▶ _Exercise description_: Would you print the material exactly, starting at its first line and ending at the line holding "Teardrop cut amethyst"?

▶ _Records for this exercise_:
········

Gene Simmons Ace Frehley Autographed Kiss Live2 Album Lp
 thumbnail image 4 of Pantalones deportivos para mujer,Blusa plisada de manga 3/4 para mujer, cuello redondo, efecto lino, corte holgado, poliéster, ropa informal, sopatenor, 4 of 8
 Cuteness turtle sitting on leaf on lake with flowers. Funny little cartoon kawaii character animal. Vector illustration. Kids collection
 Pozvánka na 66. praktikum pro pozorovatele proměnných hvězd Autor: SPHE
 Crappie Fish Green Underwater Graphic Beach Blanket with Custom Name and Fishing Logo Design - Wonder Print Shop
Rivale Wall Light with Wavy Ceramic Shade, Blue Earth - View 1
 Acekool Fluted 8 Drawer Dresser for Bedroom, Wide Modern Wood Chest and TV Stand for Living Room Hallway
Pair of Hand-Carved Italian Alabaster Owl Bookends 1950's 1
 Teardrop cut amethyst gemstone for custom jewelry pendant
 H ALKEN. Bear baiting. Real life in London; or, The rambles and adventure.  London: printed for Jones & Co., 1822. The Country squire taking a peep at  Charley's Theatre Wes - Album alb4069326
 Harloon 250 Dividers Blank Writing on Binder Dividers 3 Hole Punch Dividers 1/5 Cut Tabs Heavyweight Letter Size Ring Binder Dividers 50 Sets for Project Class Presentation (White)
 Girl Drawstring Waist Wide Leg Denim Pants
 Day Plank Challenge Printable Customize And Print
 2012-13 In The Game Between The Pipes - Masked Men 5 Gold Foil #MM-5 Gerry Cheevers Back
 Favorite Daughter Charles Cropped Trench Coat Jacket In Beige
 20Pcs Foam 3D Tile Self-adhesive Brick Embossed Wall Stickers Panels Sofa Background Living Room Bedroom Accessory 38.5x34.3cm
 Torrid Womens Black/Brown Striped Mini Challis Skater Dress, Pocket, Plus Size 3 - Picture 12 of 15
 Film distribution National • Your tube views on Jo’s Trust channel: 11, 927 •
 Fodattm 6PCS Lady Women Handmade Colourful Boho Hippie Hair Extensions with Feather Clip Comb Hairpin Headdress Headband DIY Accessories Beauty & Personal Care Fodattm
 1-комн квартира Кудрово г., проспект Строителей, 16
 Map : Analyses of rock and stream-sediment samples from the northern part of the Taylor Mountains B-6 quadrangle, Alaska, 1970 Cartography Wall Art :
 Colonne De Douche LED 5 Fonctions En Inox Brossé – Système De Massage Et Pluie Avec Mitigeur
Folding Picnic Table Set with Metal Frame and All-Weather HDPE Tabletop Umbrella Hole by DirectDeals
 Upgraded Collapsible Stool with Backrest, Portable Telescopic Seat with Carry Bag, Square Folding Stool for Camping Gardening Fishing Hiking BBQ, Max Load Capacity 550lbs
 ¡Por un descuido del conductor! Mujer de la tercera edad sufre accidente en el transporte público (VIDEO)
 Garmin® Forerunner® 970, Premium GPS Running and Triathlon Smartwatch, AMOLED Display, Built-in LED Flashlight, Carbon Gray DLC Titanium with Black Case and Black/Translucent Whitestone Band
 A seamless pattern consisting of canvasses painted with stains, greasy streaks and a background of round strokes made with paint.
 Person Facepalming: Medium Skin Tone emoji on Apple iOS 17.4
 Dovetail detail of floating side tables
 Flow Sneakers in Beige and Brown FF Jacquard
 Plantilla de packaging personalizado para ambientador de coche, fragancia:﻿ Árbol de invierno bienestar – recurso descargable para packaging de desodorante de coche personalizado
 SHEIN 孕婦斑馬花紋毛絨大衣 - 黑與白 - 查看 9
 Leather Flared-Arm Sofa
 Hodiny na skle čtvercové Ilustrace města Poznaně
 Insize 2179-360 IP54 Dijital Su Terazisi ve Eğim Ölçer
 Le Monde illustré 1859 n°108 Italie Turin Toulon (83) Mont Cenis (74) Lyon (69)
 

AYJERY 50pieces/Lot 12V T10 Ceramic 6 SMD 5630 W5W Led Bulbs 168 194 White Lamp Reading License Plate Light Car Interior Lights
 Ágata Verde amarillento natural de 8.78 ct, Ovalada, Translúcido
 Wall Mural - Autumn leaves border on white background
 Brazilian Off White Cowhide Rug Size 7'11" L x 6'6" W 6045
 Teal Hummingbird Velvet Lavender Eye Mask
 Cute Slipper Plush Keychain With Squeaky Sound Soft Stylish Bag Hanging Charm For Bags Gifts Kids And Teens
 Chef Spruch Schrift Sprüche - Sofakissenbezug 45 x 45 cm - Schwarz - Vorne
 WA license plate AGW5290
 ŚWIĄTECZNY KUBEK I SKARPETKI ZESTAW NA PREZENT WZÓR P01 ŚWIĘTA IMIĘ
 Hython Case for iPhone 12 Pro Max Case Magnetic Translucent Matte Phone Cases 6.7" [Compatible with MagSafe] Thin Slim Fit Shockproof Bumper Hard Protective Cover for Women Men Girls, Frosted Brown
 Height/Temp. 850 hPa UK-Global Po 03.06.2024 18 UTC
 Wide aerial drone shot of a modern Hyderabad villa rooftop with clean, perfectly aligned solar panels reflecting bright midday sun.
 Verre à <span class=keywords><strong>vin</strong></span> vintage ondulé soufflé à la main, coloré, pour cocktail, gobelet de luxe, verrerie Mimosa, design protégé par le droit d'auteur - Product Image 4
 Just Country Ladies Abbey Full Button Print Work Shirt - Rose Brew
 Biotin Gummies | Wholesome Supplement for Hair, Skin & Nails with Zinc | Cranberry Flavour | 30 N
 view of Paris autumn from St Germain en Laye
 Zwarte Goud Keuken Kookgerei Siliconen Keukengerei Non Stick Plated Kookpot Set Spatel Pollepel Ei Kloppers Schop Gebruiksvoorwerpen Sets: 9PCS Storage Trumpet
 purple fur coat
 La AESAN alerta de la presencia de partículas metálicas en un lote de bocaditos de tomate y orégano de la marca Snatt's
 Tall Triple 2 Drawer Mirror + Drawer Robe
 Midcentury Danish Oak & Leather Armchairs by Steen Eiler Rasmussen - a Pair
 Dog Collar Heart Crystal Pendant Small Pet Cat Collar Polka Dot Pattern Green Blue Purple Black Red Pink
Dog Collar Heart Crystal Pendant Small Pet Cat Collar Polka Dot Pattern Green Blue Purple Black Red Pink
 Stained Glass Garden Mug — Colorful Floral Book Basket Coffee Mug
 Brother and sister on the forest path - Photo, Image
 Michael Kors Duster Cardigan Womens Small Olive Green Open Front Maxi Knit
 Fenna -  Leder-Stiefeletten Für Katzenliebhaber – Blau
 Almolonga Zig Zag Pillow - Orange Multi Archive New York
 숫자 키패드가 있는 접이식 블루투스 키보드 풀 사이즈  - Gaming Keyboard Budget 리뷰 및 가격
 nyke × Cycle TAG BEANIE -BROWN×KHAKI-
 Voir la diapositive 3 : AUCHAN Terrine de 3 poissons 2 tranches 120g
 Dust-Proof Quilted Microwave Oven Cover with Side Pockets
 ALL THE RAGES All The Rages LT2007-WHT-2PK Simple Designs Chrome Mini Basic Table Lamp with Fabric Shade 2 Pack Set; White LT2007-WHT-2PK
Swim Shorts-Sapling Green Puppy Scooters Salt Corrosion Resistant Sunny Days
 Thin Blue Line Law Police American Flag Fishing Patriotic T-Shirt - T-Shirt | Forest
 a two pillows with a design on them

········

▶ _Exercise response_:
Gene Simmons Ace Frehley Autographed Kiss Live2 Album Lp
 thumbnail image 4 of Pantalones deportivos para mujer,Blusa plisada de manga 3/4 para mujer, cuello redondo, efecto lino, corte holgado, poliéster, ropa informal, sopatenor, 4 of 8
 Cuteness turtle sitting on leaf on lake with flowers. Funny little cartoon kawaii character animal. Vector illustration. Kids collection
 Pozvánka na 66. praktikum pro pozorovatele proměnných hvězd Autor: SPHE
 Crappie Fish Green Underwater Graphic Beach Blanket with Custom Name and Fishing Logo Design - Wonder Print Shop
Rivale Wall Light with Wavy Ceramic Shade, Blue Earth - View 1
 Acekool Fluted 8 Drawer Dresser for Bedroom, Wide Modern Wood Chest and TV Stand for Living Room Hallway
Pair of Hand-Carved Italian Alabaster Owl Bookends 1950's 1
 Teardrop cut amethyst gemstone for custom jewelry pendant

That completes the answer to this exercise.